Умозаключение Вассермана поразительно точно, когда речь идет о писателе типа Ален-Фурнье, автора «Большого Мольна». Очарование этой книги таится в удачном совпадении внутреннего и внешнего миров. Аура тайны, окутывающая роман и придающая ему особую прелесть и чистоту, проистекает из соединения мечты и реальности. Солонь, место, где родился и провел лучшую часть своей юности этот писатель, становится местом действия, по которому нас ведут словно во сне. Солонь славится своим обстоятельным и гармоничным жизненным укладом, это место, по словам одного французского писателя, «издавна очеловечено». Ему словно самой судьбой предназначено пробуждать мечты и ностальгию!
Этот ставший уже классическим роман, получивший вскоре после публикации широкую известность, почти не известен в Америке. И все же именно эту книгу следовало бы здесь популяризовать: она очень французская, хотя иностранцы и не всегда могут это оценить. В письме своему другу Жаку Ривьеру, написанном в 1906 году, автор упоминает о природе эстетических проблем, которые его в то время мучали, и об их решении, чудесным образом связанном с написанием «Большого Мольна»: «Mon credo en art et en litterature est l’ENFANCE. Arriver a la rendre sans aucune puerilite, avec sa profondeur qui touche les mysteres. Mon livre futur sera peut-etre un perpetuel vaet-vient insensible du reve a la realite; „Reve“ entendu comme l’immense et imprecise vie enfantine planant au-dessus de l’autre et sans cesse mise en rumeur par les echos de l’autre»*.

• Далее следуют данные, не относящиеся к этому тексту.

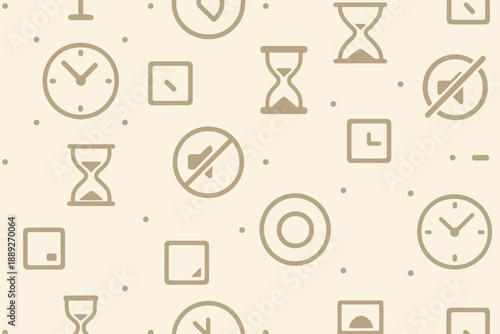 Various clock and hourglass symbols arranged in a pattern on a light background
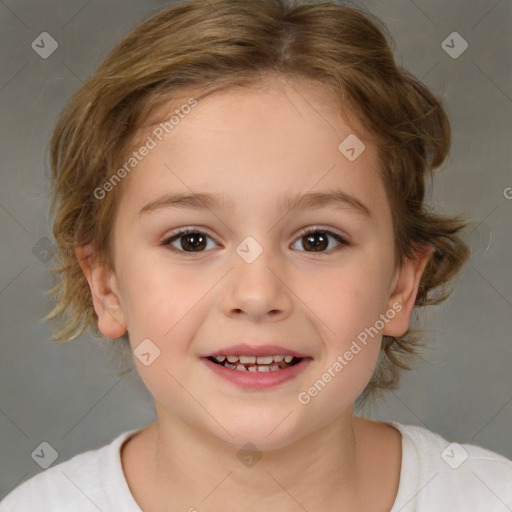 Joyful white child female with medium  brown hair and brown eyes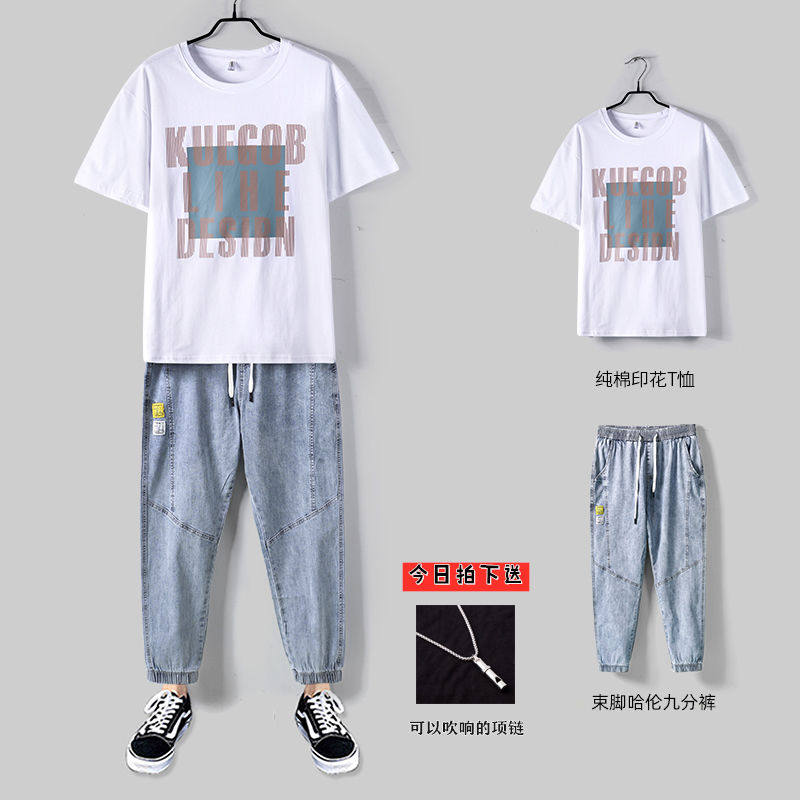 套装男夏季韩版潮流帅气两件套休闲帅气牛仔裤短袖网红潮男装一套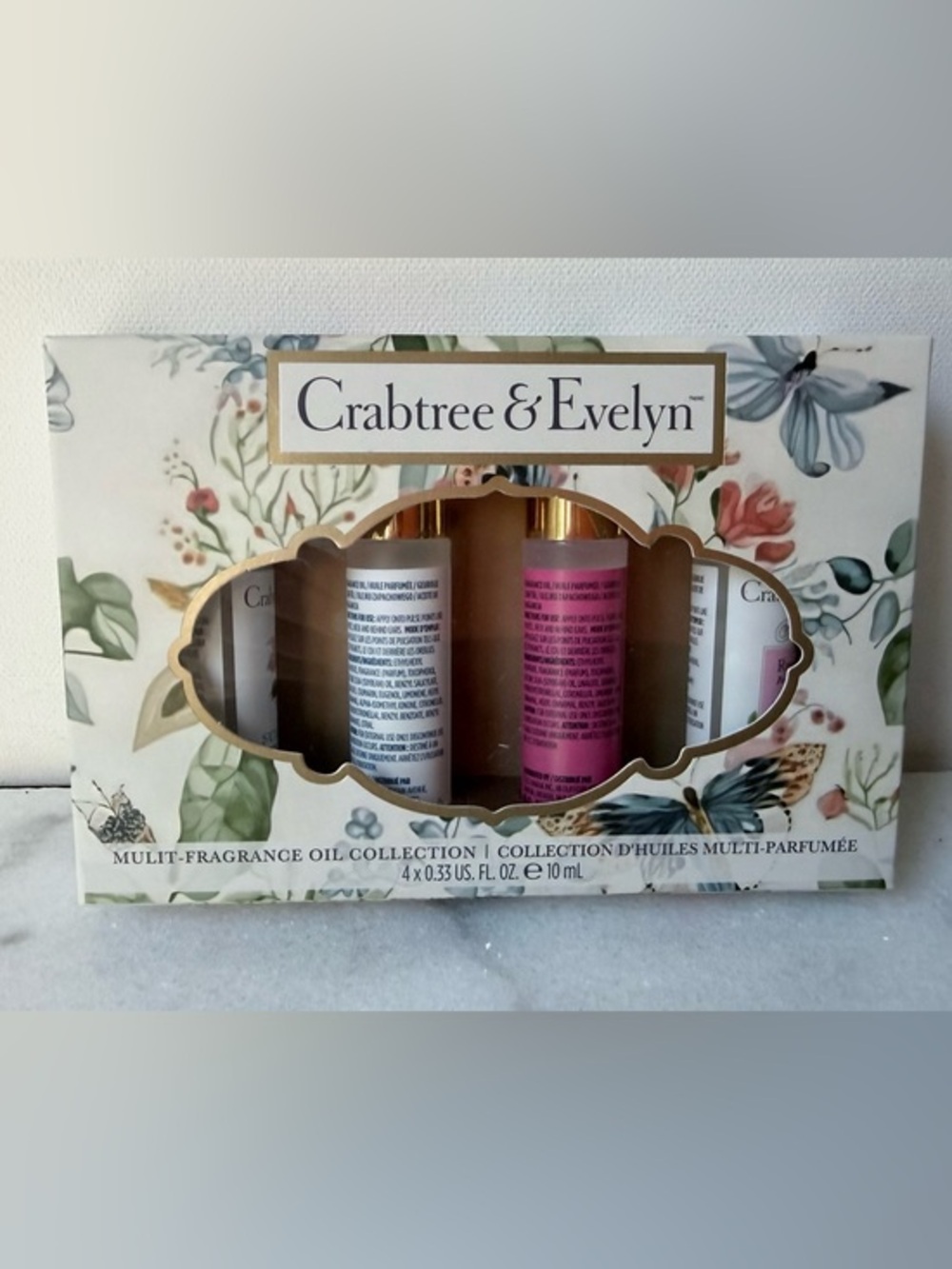 Crabtree & Evelyn Floral Fragrance Oil Set in Pink, White, Gold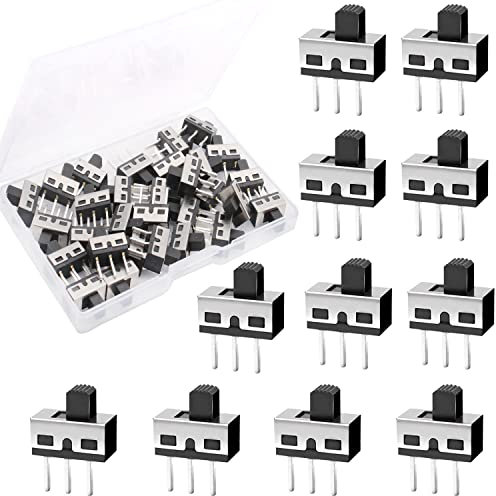 RUNCCI-YUN 50PCS Interruptor Deslizante Vertical 3 Pines 2 Posiciones SPDT 1P2T Micro Interruptor de Mini Panel 0.5A 50V DC,PCB Interruptor Deslizante,5 mm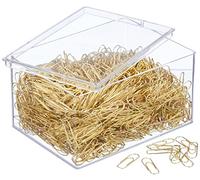 Wedo 9101500 - Clips metálicos (26 mm, revestimiento de plástico, caja de 1500 unidades), color latón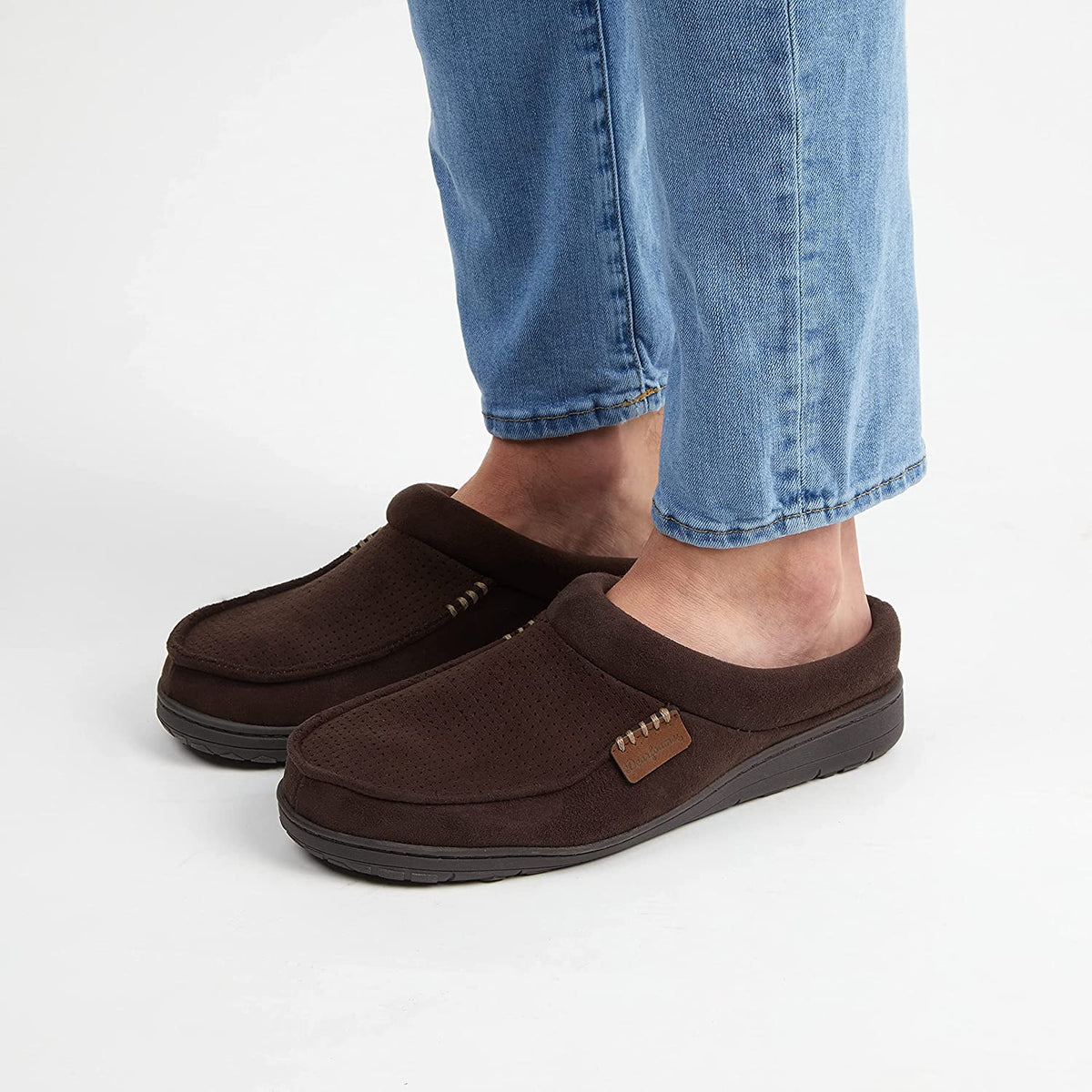 Dearfoams Men's Brendan Microfiber Suede Clog Slipper  Color Coffee (Perforated) Size M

* «Мое кредо в искусстве и литературе — детство. Надо суметь передать его без всякой снисходительной ребячливости, со всей глубиной, которая уходит в вечную тайну. Моя будущая книга будет пребывать в вечном движении между „сном“ и реальностью и не пристанет окончательно ни к одному берегу; „сон“ понимается как огромный и нечеткий мир детства, парящий над другим миром и находящийся в постоянном бурлении из-за реальных вещей» (фр.).